───── DATA FOR ANALYSIS

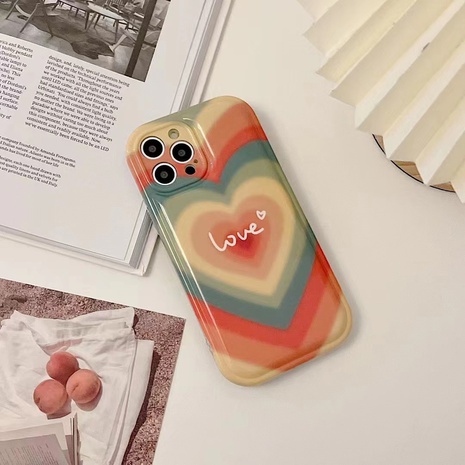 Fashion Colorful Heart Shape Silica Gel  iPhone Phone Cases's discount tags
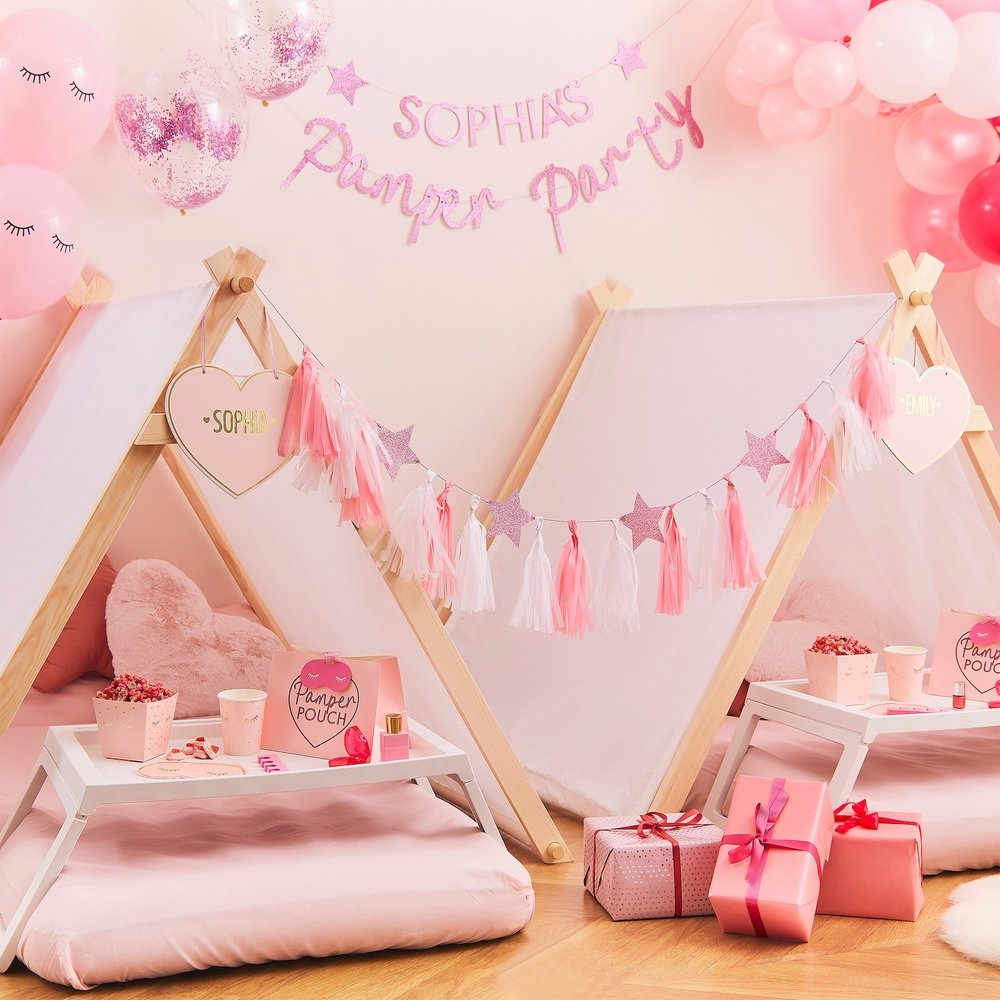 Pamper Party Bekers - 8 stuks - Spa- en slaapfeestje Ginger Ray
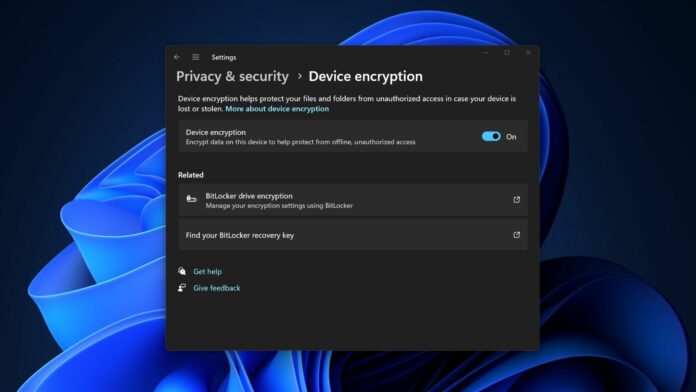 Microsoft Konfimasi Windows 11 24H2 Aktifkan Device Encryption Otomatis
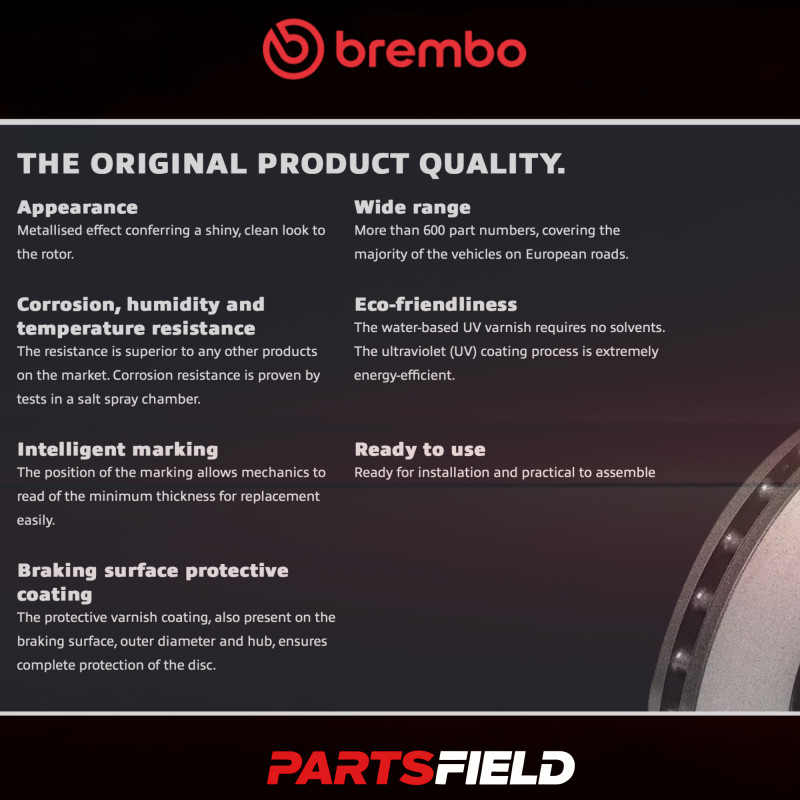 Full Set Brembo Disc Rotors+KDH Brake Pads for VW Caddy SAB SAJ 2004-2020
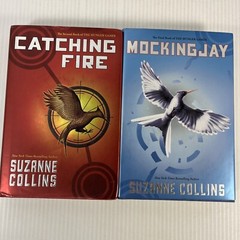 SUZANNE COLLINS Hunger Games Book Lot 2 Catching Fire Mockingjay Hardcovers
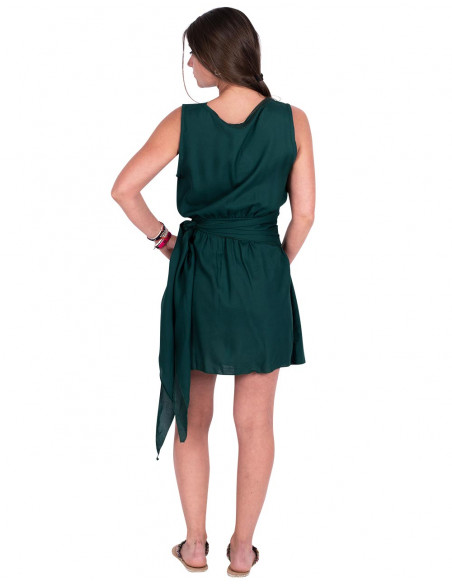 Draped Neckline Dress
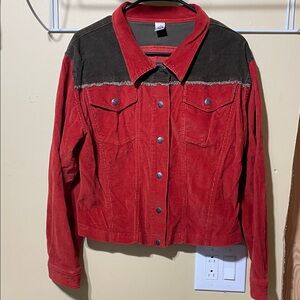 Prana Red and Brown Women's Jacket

──────────
───── DATA FOR ANALYSIS

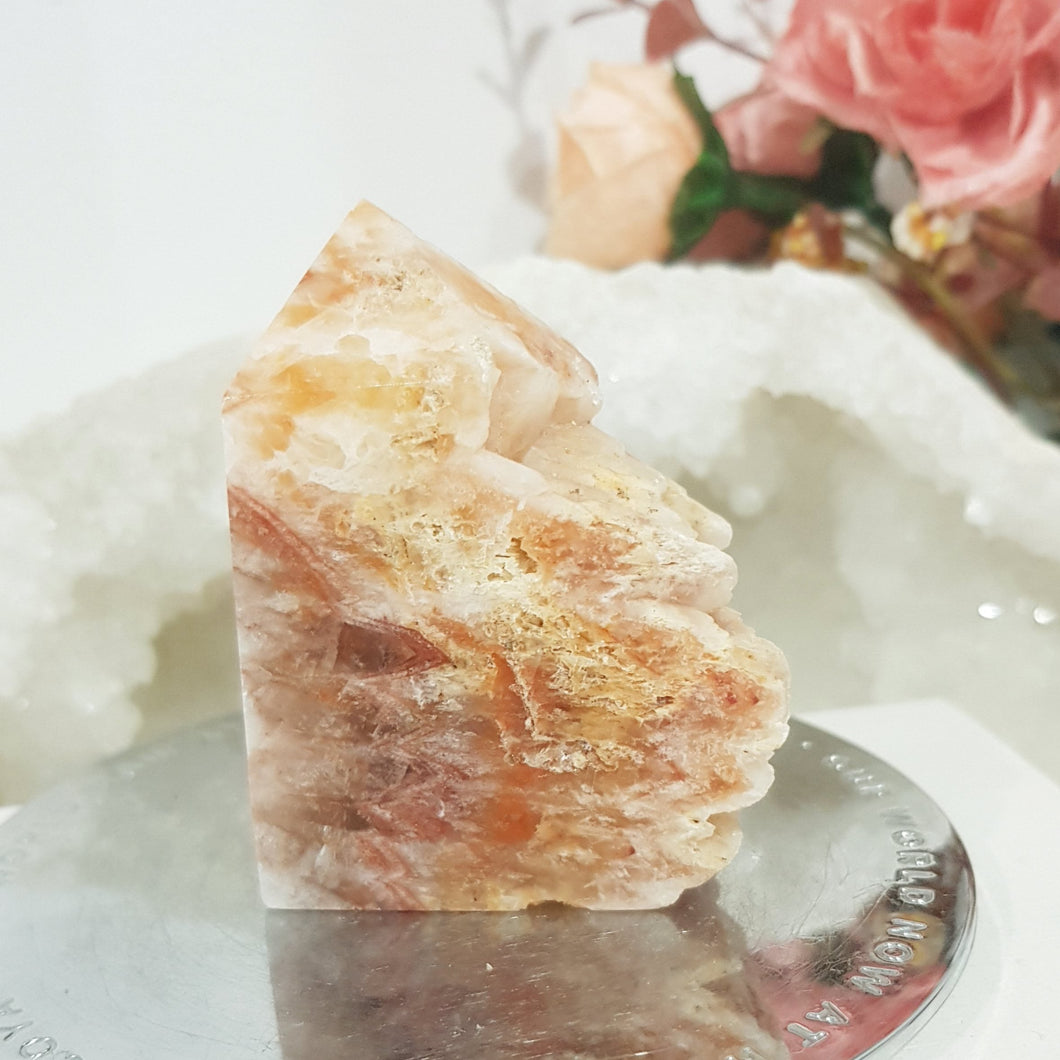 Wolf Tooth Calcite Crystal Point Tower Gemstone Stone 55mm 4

──────────

**TASK REQUIREMENTS:** Reproduce the listing above from the line that holds "Pamper Party Bekers" through the line that holds "SUZANNE COLLINS Hunger", both included, with the pictures left out.

**RESULT:**
 Pamper Party Bekers - 8 stuks - Spa- en slaapfeestje Ginger Ray
 Microsoft Konfimasi Windows 11 24H2 Aktifkan Device Encryption Otomatis
 Full Set Brembo Disc Rotors+KDH Brake Pads for VW Caddy SAB SAJ 2004-2020
 SUZANNE COLLINS Hunger Games Book Lot 2 Catching Fire Mockingjay Hardcovers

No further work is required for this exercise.